Jusqu'à une époque récente, le rythme utilisé était essentiellement empirique, pouvant être aussi bas que 30-40 par minute lors des premières tentatives à la fin du XIXe siècle[8]. Les premières recommandations américaines conseillaient une fréquence de 60 par minute[9].
Les recommandations européennes[10] indiquent qu'un cycle compression-relâchement doit durer 0,6 seconde (on fait donc 15 cycles en 9 secondes) ; cela représente une fréquence de 100 à 120 compressions par minute, mais les cycles de compression étant interrompus par des insufflations, il n'y a en fait que 75 à 80 compressions thoraciques en une minute. Les recommandations américaines de 2010 parlent d'une fréquence d'au moins 100 par minute sans fixer de limites hautes[11].
Cette fréquence est un des points critiques de l'efficacité circulatoire. Il existe une corrélation entre le taux de survie et la fréquence de massage[12] : chez les patients survivants, la fréquence moyenne de compression était de 90 par minute, alors que chez les patients décédés, elle était de 70 par minute seulement. La probabilité de retour à un rythme cardiaque spontané semble maximale lorsque la fréquence de compression est de 125 par minute sans toutefois que cela change le pronostic final en termes de survie[13].
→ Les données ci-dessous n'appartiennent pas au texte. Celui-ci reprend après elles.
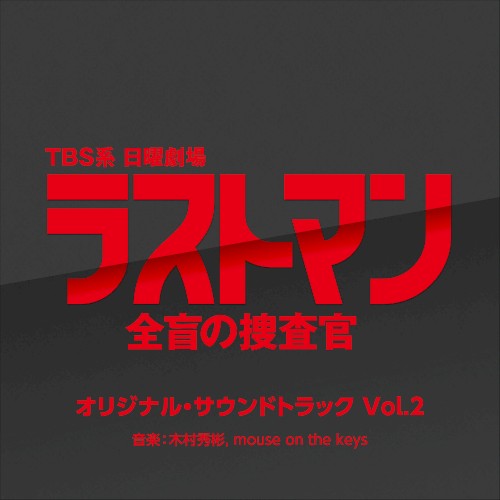 TBS系 日曜劇場 ラストマン-全盲の捜査官- オリジナル・サウンドトラック Vol.2封面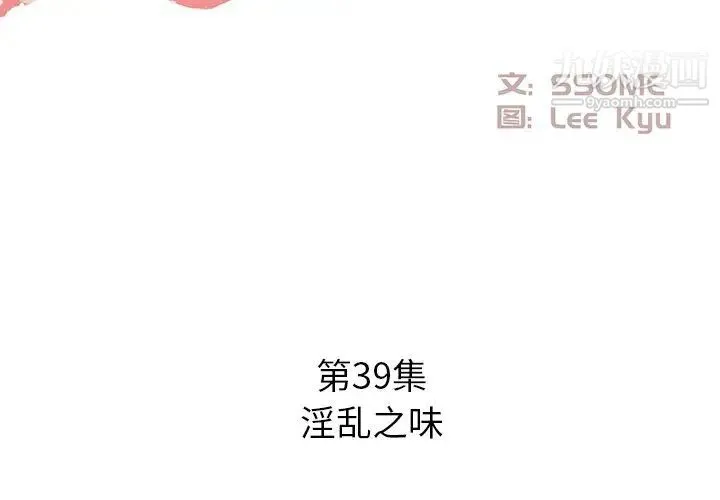 糖果恋人 - 第39话 - page 2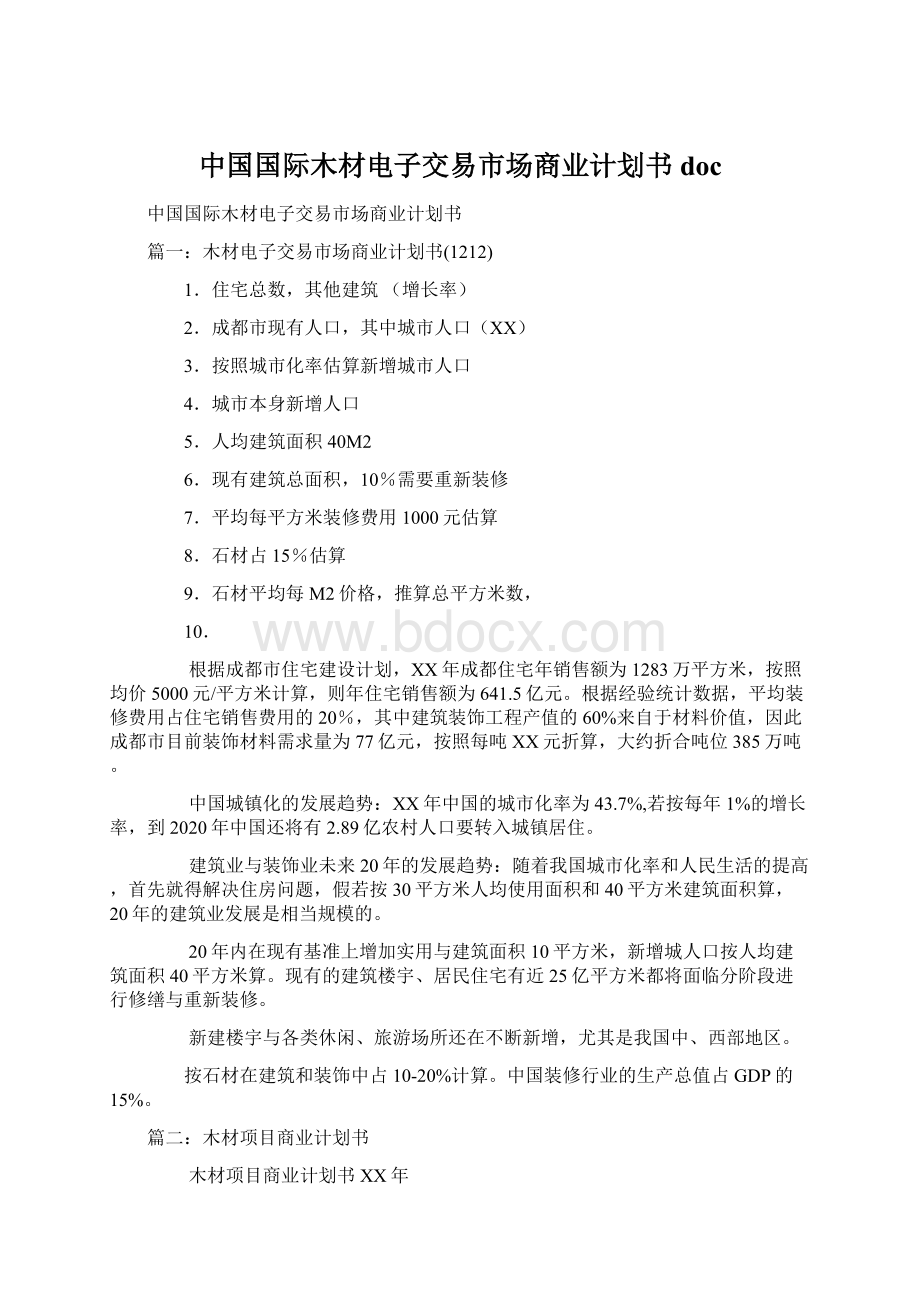 中国国际木材电子交易市场商业计划书docWord文档下载推荐.docx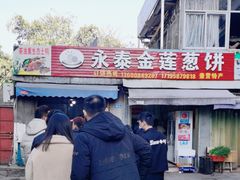 -金莲葱饼店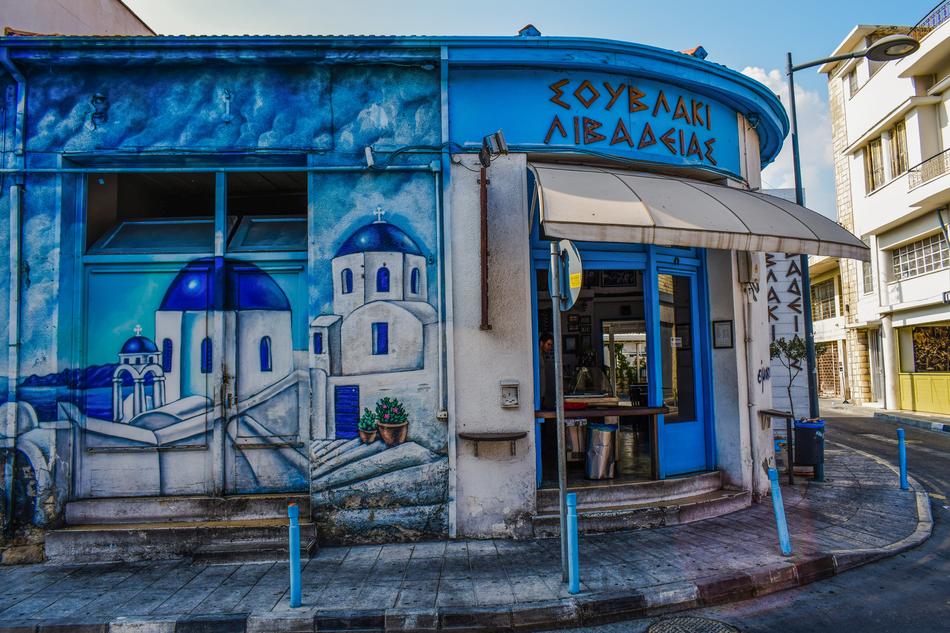 Street Graffiti Greek Fast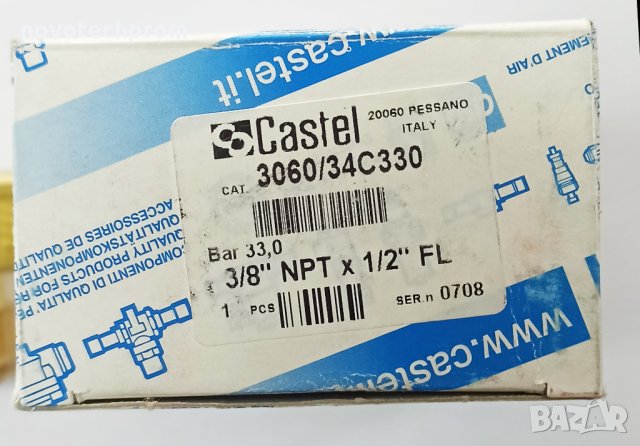 Предпазни клапани CASTEL различни видове, снимка 5 - Други машини и части - 31694065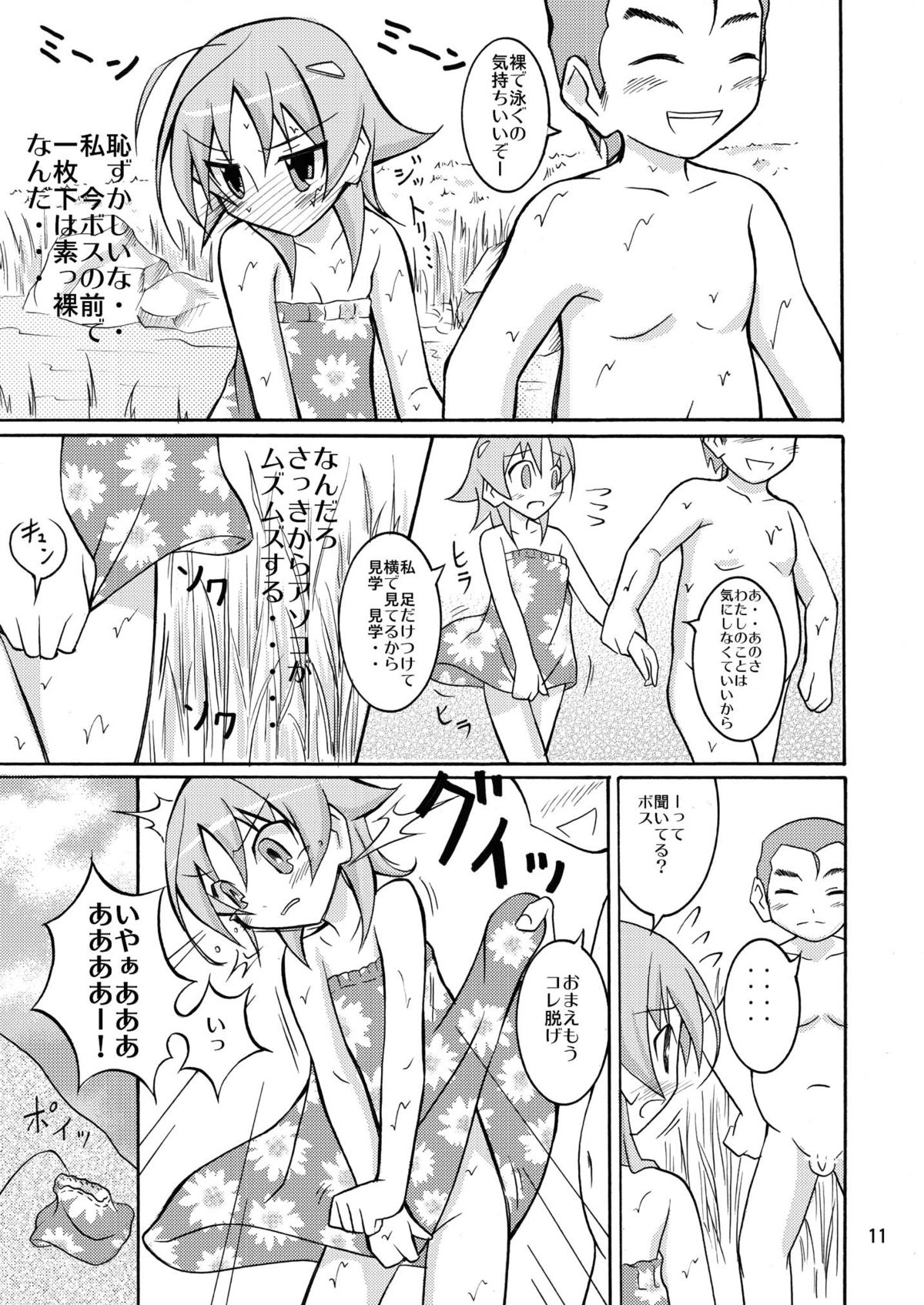 Supponpon de Kawa Asobi! page 10 full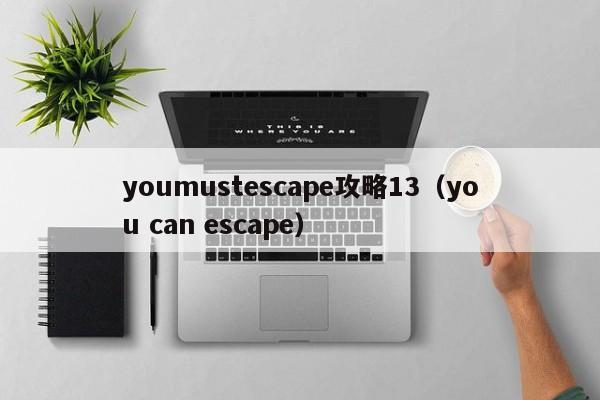 youmustescape攻略13（you can escape）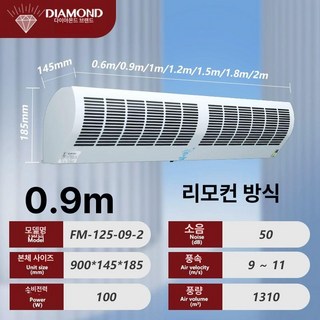 에어커튼 업소용 날벌레 출입문 투모터 차단 원모터 자가설치가능 나노시스템 더운바람 매장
Compression thoracique sur un adulte ou un enfant de plus de huit ans
Le sauveteur se place à genou à côté de la victime, au niveau de la poitrine, le plus proche du corps de celle-ci.
Il place le talon d'une main (partie restante de la paume quand nous replions les doigts sur sa main) au milieu de la poitrine nue de la victime.
Une fois la première main positionnée, la deuxième vient se placer par-dessus.
Il est important que seul le talon de la main touche la poitrine ; les doigts doivent être relevés pour éviter de comprimer les côtes.
Puis, le sauveteur se place bien verticalement au-dessus de la poitrine, les bras tendus et coudes verrouillés. Il appuie progressivement et sans à -coup avec le poids de son corps afin d'enfoncer la poitrine de 5 à 6 cm ; puis, il se redresse afin que la poitrine reprenne son volume normal. Un cycle compression-relâchement dure environ 0,6 seconde, la compression dure autant de temps que le relâchement.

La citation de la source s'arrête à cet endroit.